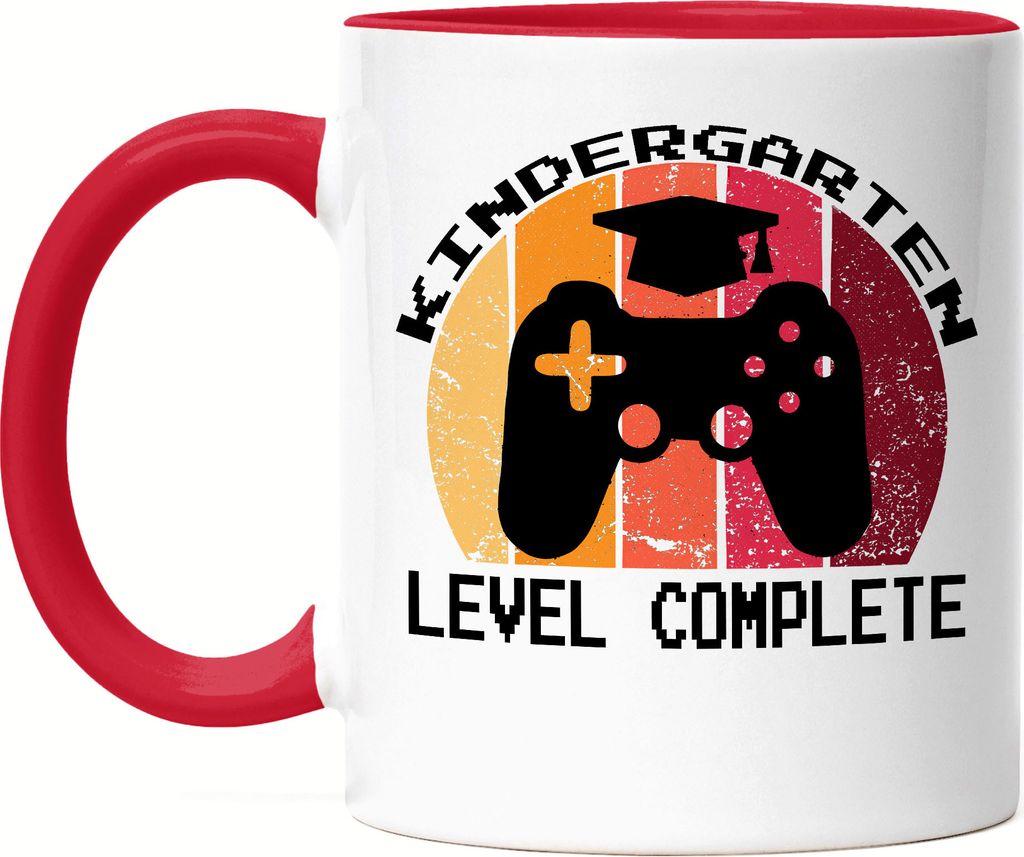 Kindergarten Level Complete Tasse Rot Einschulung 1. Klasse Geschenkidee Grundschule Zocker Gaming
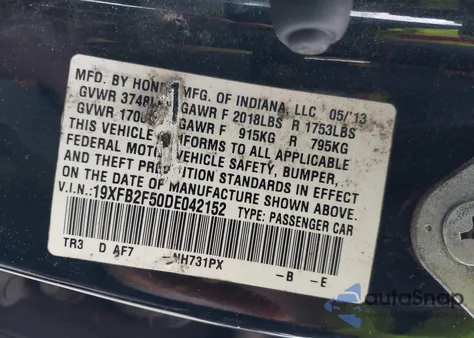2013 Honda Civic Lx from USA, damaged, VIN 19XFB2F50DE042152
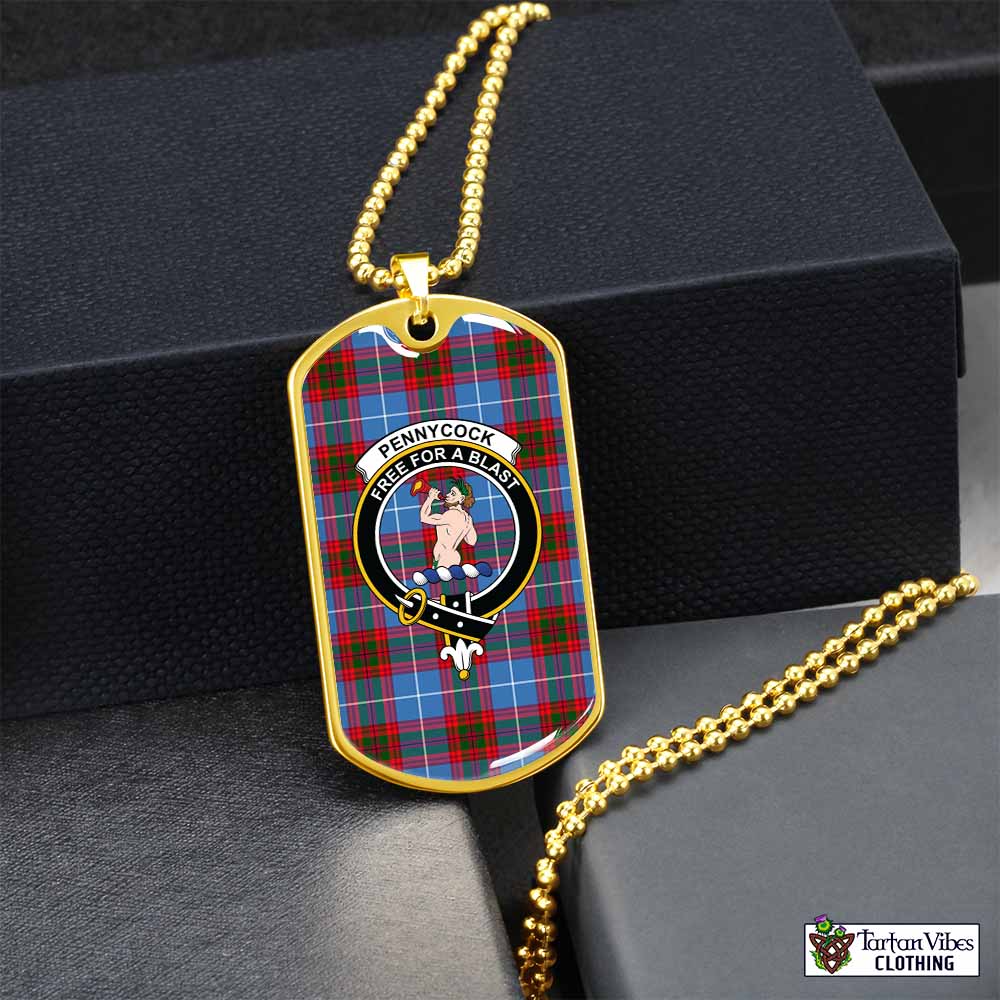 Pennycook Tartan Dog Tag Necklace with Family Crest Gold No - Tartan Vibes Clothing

==

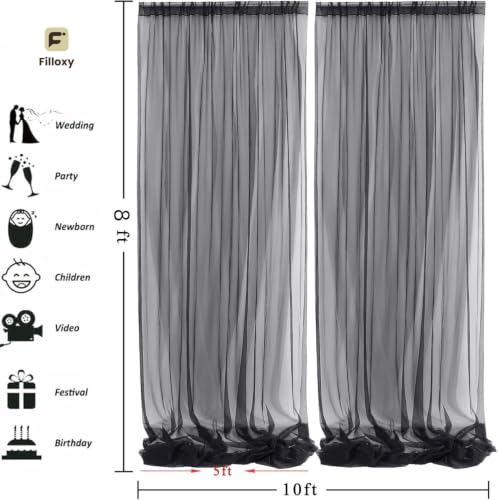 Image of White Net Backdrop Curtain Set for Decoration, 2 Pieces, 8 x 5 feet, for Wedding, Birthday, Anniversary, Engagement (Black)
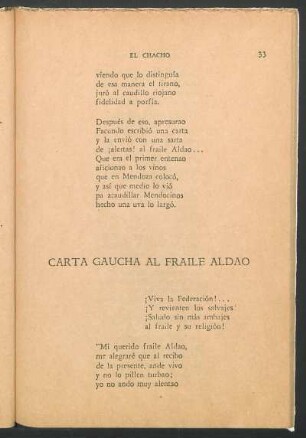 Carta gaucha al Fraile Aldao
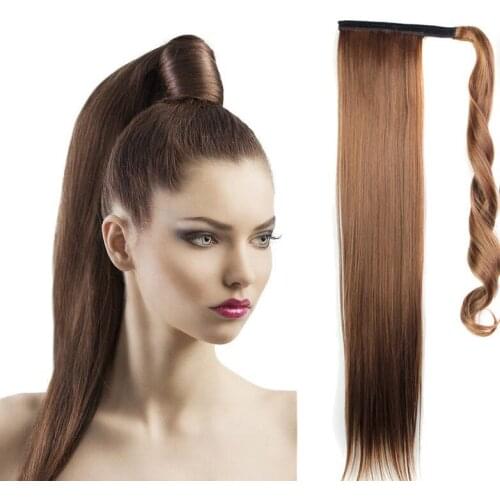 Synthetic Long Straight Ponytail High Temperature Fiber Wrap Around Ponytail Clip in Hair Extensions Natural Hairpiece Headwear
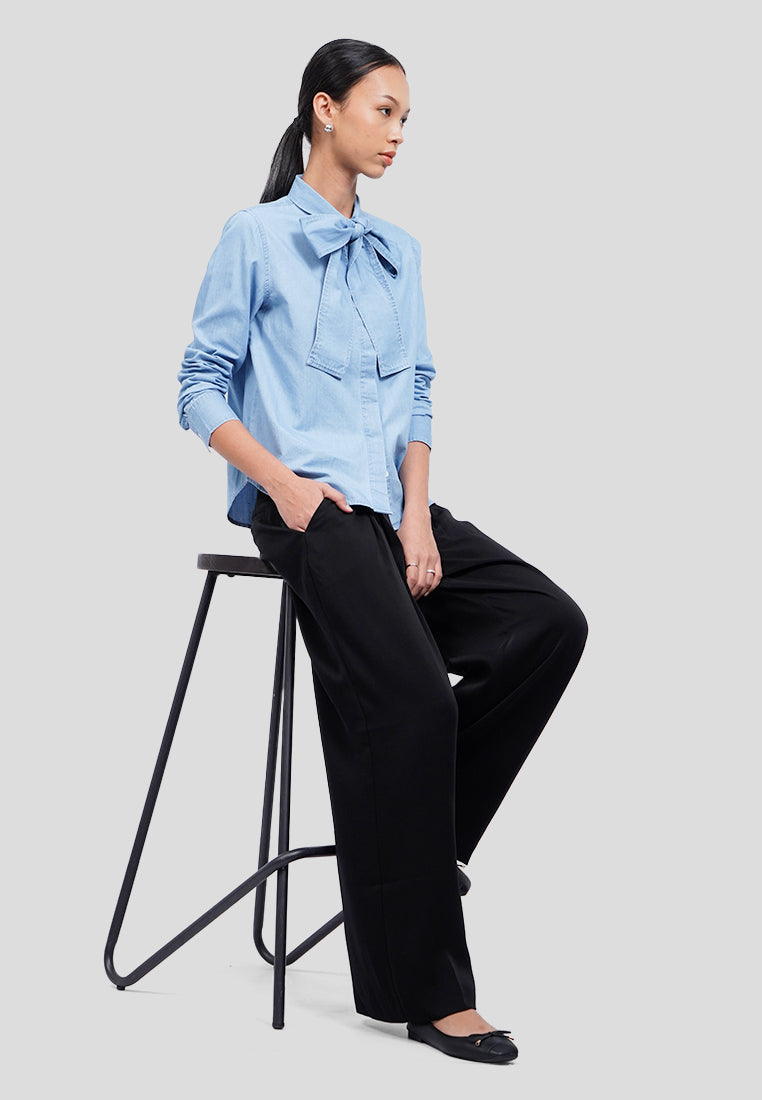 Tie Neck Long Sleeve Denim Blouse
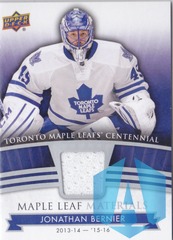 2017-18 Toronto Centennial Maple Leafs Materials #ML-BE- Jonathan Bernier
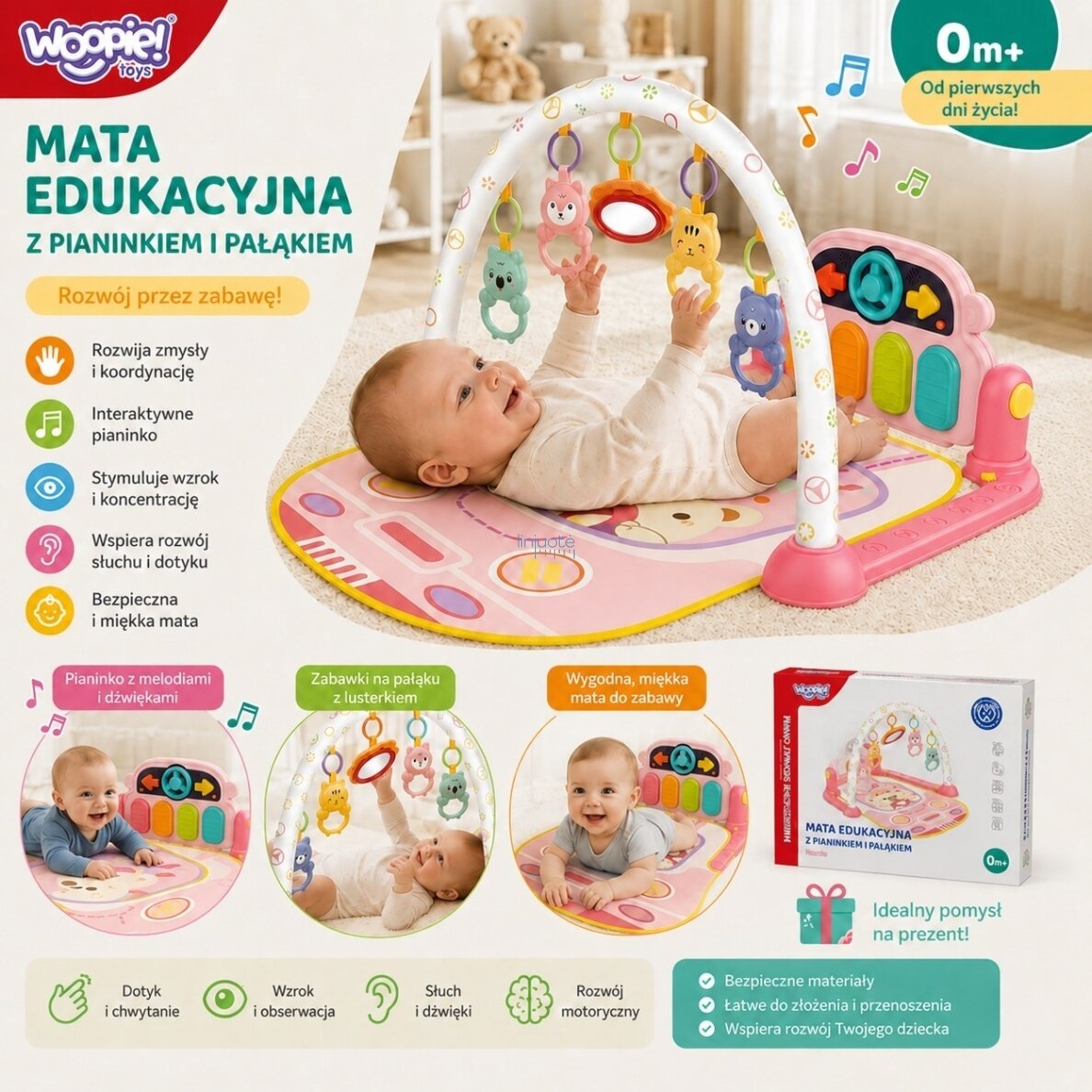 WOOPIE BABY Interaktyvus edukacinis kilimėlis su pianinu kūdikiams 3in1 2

◆ WHAT THE TASK ASKS: Your answer must be everything above from the line with "Kindergarten Level Complete" down to the line with "Pennycook Tartan Dog", word for word, and no pictures.

◆ SOLVED EXERCISE:
 Kindergarten Level Complete Tasse Rot Einschulung 1. Klasse Geschenkidee Grundschule Zocker Gaming
2013 Honda Civic Lx from USA, damaged, VIN 19XFB2F50DE042152
 Pennycook Tartan Dog Tag Necklace with Family Crest Gold No - Tartan Vibes Clothing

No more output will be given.